YOUR OBJECTIVE >>
Going through the material below, output exactly the lines from the one containing "Thumbnail: 2021 Cadillac XT6 - 15" through the one containing "Herrer nan elegant", and no pictures.

SOURCE DATA >>
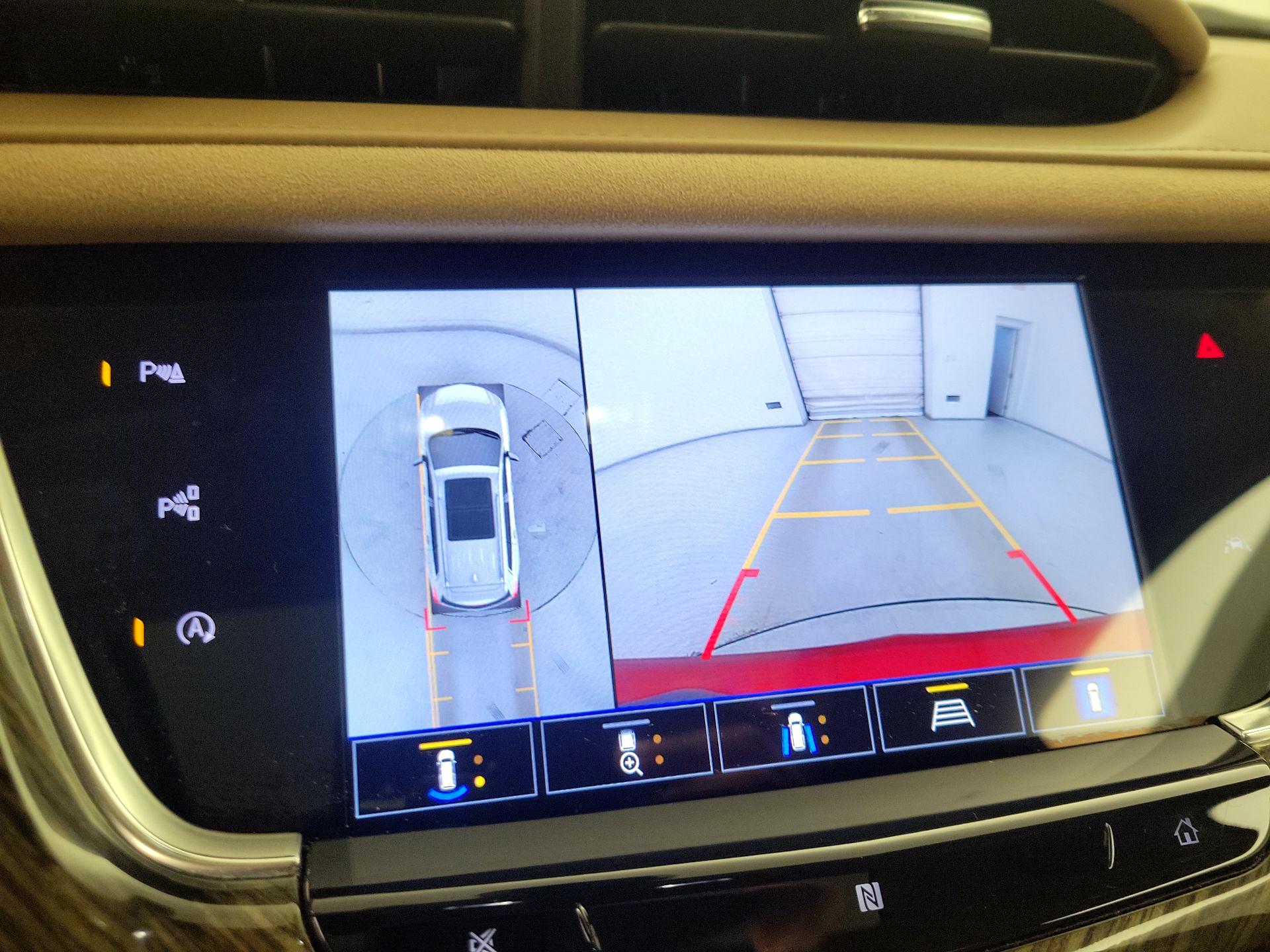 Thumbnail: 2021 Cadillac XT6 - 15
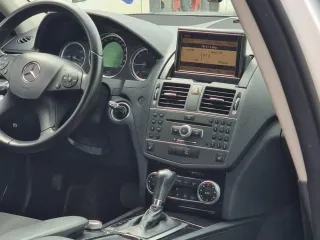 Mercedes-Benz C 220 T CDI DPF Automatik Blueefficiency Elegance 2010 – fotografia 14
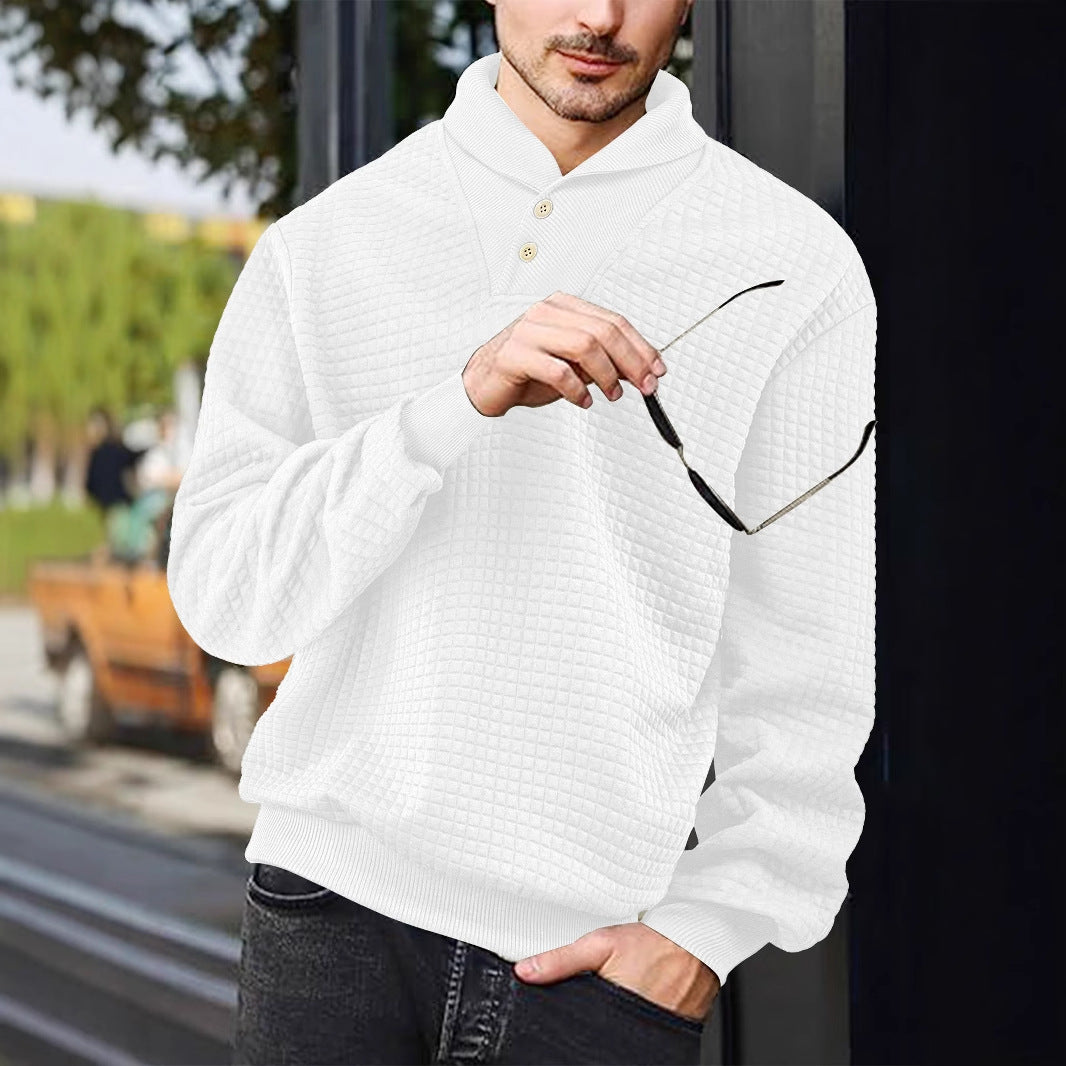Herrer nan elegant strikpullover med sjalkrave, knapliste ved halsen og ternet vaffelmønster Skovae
==
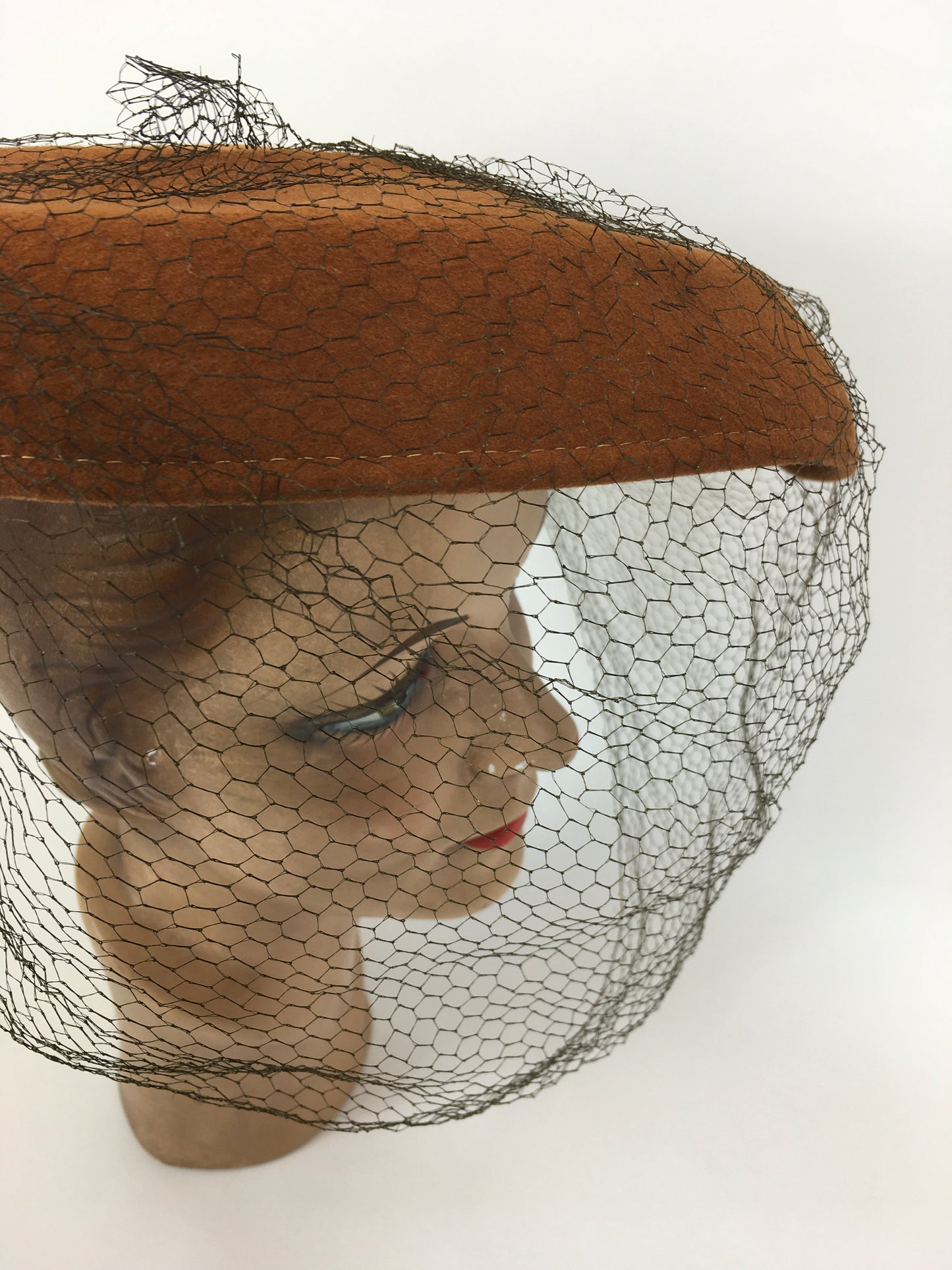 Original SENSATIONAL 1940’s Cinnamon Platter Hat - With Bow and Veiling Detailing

RESPONSE BELOW >>
 Thumbnail: 2021 Cadillac XT6 - 15
 Mercedes-Benz C 220 T CDI DPF Automatik Blueefficiency Elegance 2010 – fotografia 14
Herrer nan elegant strikpullover med sjalkrave, knapliste ved halsen og ternet vaffelmønster Skovae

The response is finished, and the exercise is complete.